The Trees The Fork Oak Day88 - Neovim Plugin in Typescript

Writing a plugin for Neovim in Typescript

2019-10-21

Recently I switched editors from Spacemacs (a vim mode distribution of emacs) to Neovim. I made the change due to frustration with how complicated my editor was in emacs, and honestly the experience has been wonderful. That discussion is for another time however.

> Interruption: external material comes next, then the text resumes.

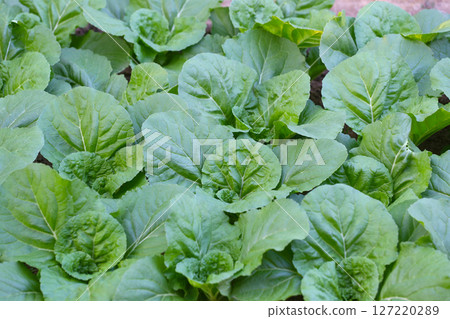 Chinese Cabbage being Growing in an agriculture field, close up the Chinese Cabbage. Chinese Cabbage being Growing in an agriculture field, close up the Chinese Cabbage. 127220289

Having made the switch, I have been interested in playing around with Neovim's headline feature: the remote plugin API. The jist is that Neovim provides a general purpose API in the form of a MessagePack protocol. Messagepack is a binary format which allows remote process communication in an efficient and language agnostic way. To make life easier, the maintainers of Neovim have created a set of language integrations which set things up for you. I've decided to develop a plugin using the nodejs integration. I will capture here the basic template for how to get things working and some tips and tricks I learned along the way.

Plugin Format

Neovim's language client integrations are very particular about how and where you layout your plugin file structure. If the structure is not just so, Neovim won't know where your remote plugin is located. Further, so called remote plugins must be registered before you can use them which adds another layer of complexity.

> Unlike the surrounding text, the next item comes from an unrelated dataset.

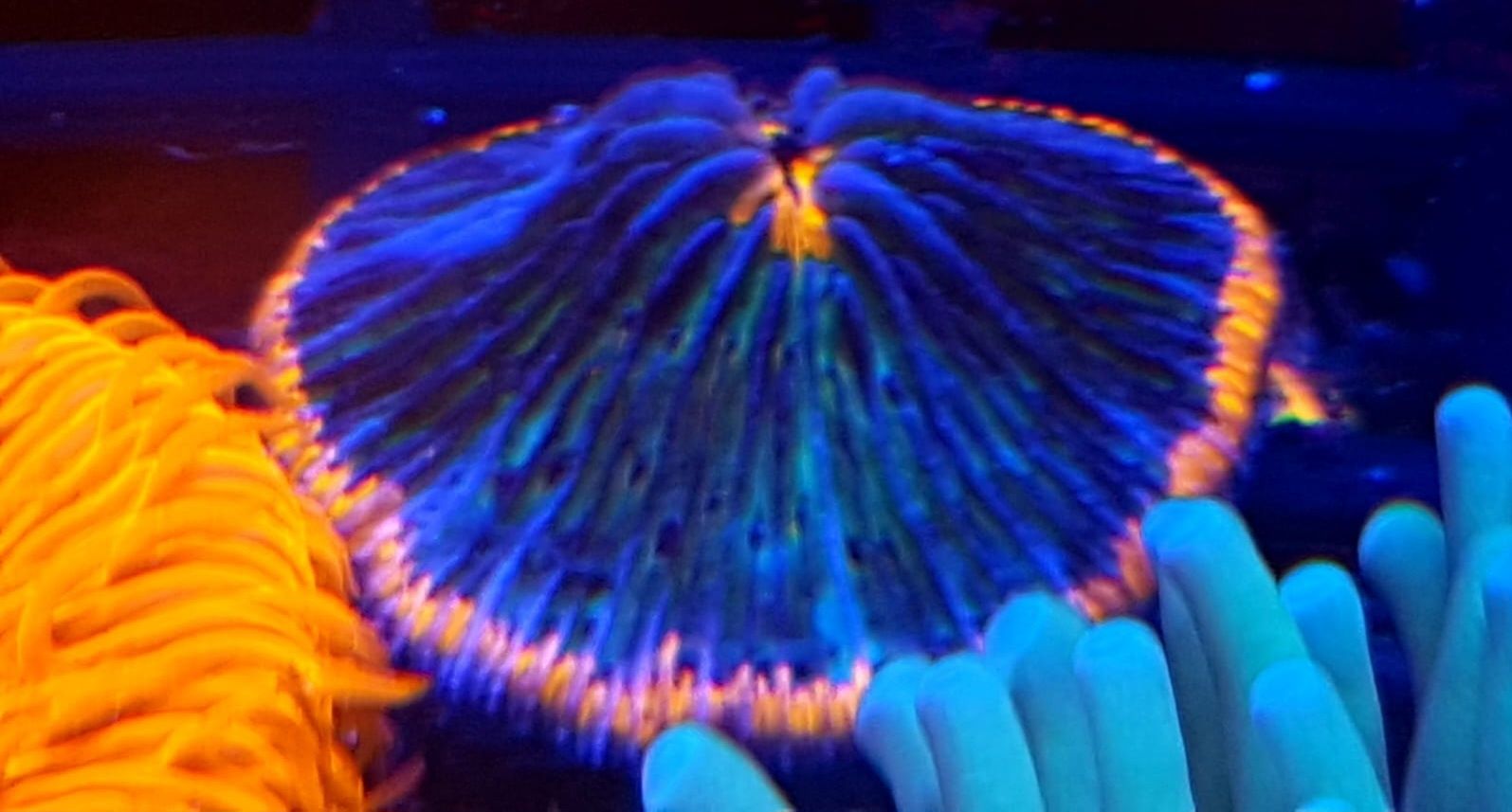 Fungia  Bicolor . Koralowiec LPS . Akwarium morskie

I found it useful to use a plugin manager, and add my local plugin to it to ensure that vim knows that my plugin exists. I use Dein, but any vim plugin manager should work.

call dein#add('c:/dev/Projects/vim-balsamic')

With my custom plugin folder added, I created a folder structure matching this pattern:

Project Root > rplugin > node > Plugin Name > Javascript Project

In the inner Javascript Project folder (in my case vim-balsamic), I made a simple nodejs project. In particular I use typescript to make life easier

qcK7y:dist\
0Oubx:lib\
Tyhqo:node_modules\
aSW1g:.gitignore
5IzLv:package.json
T7EH2:tsconfig.json
itiAC:yarn.lock

(Note: the weird characters before file/folder names are related to my plugin. I will discuss them soon.)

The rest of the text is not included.